Dataset content:
◆ ◆ ◆
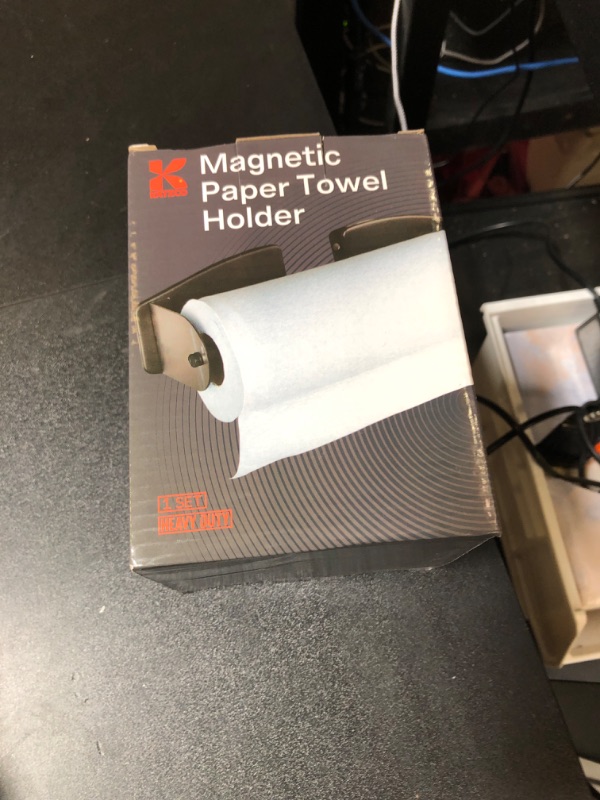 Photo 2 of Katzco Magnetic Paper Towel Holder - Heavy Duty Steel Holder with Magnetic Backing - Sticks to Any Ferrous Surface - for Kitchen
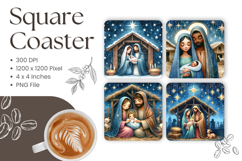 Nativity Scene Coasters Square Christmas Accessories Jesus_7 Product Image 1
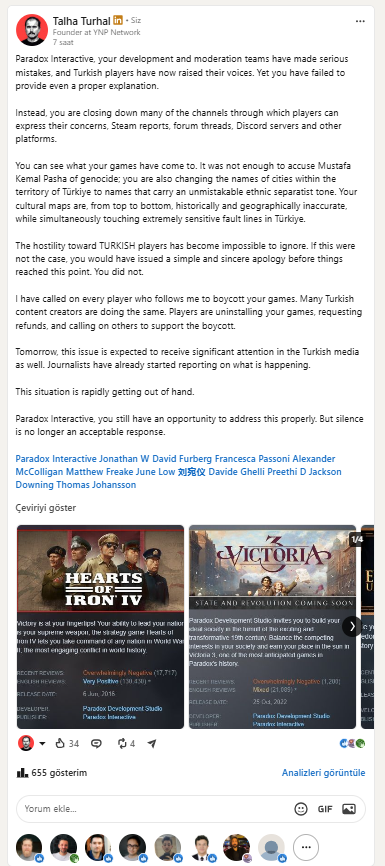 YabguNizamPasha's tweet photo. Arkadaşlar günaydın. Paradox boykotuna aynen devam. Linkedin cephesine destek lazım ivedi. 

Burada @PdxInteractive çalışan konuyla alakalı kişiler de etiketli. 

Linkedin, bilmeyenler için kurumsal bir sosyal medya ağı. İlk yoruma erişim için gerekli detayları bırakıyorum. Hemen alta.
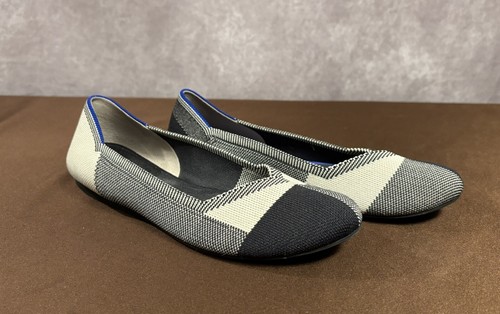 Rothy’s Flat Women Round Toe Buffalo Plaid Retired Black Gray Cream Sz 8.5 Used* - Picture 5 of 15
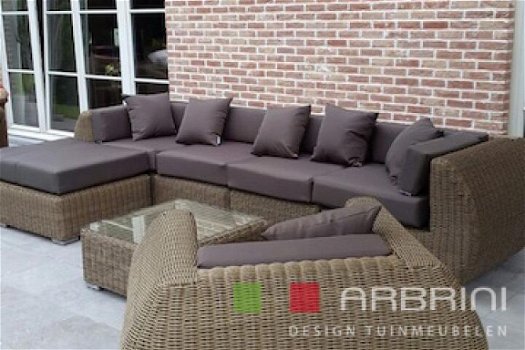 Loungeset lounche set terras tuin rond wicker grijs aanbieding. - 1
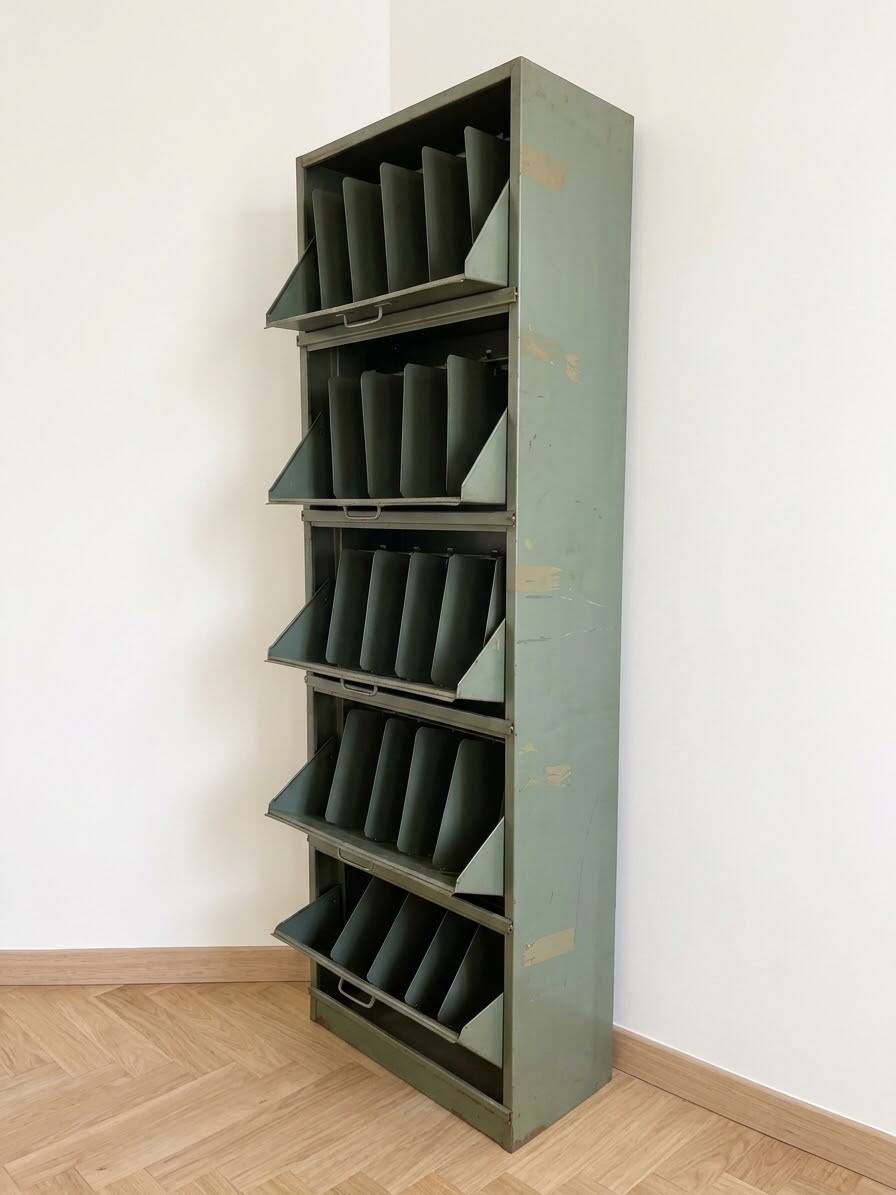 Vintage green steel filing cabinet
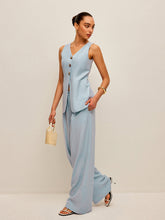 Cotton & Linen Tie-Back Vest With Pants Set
◆ ◆ ◆
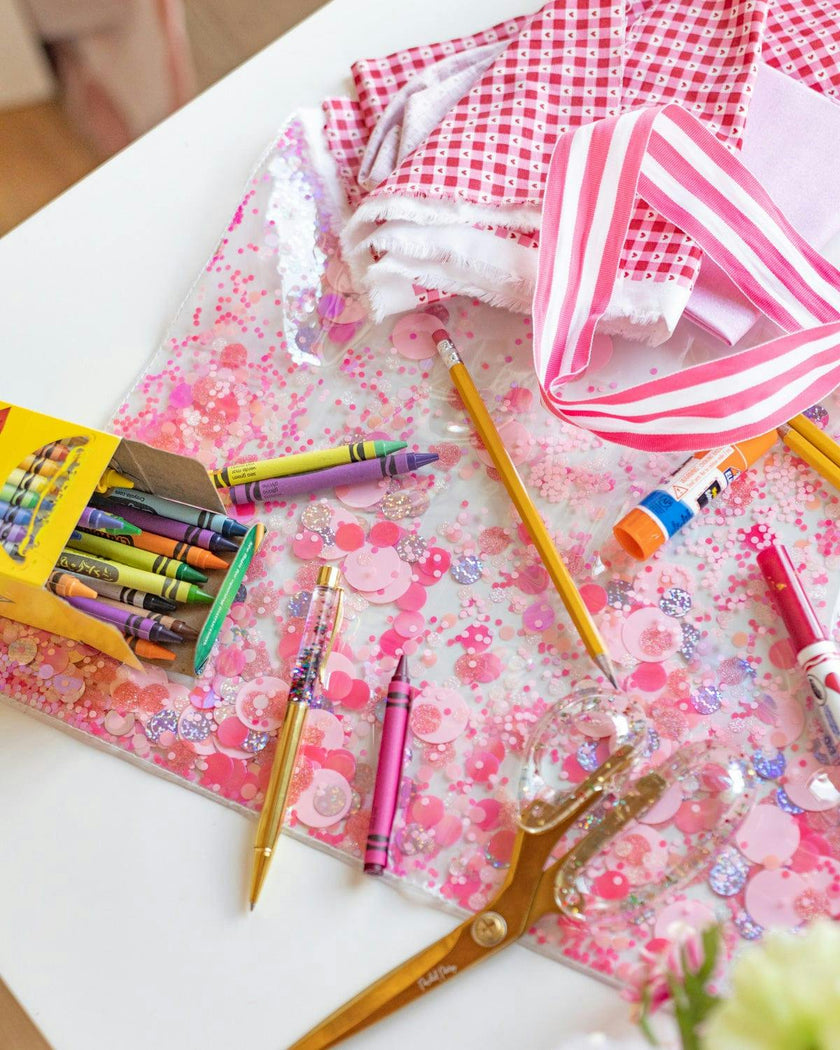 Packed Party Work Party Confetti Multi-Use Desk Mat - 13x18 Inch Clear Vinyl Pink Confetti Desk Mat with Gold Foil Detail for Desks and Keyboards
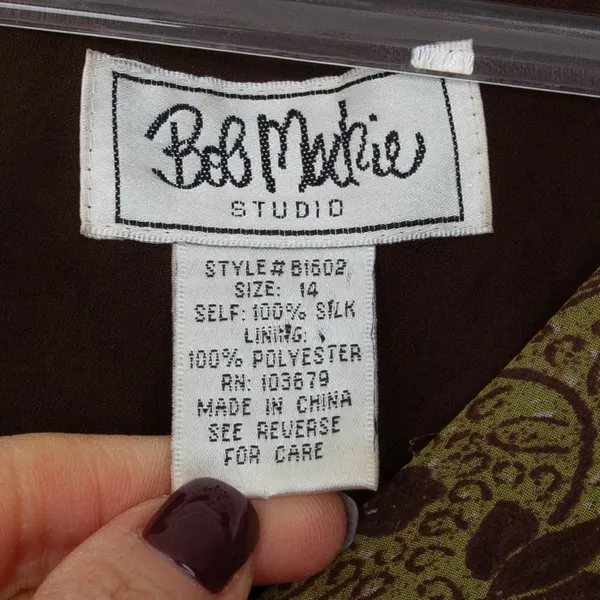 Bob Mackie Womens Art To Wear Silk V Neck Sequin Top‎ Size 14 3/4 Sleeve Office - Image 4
◆ ◆ ◆
When you reach the line with "Nativity Scene Coasters" in the records above, begin repeating the lines exactly, and stop after the line with "Cotton & Linen Tie-Back Vest With Pants Set". Skip all pictures.

Response:
 Nativity Scene Coasters Square Christmas Accessories Jesus_7 Product Image 1
 YabguNizamPasha's tweet photo. Arkadaşlar günaydın. Paradox boykotuna aynen devam. Linkedin cephesine destek lazım ivedi. 

Burada @PdxInteractive çalışan konuyla alakalı kişiler de etiketli. 

Linkedin, bilmeyenler için kurumsal bir sosyal medya ağı. İlk yoruma erişim için gerekli detayları bırakıyorum. Hemen alta.
 Rothy’s Flat Women Round Toe Buffalo Plaid Retired Black Gray Cream Sz 8.5 Used* - Picture 5 of 15
 Loungeset lounche set terras tuin rond wicker grijs aanbieding. - 1
 Vintage green steel filing cabinet
 Cotton & Linen Tie-Back Vest With Pants Set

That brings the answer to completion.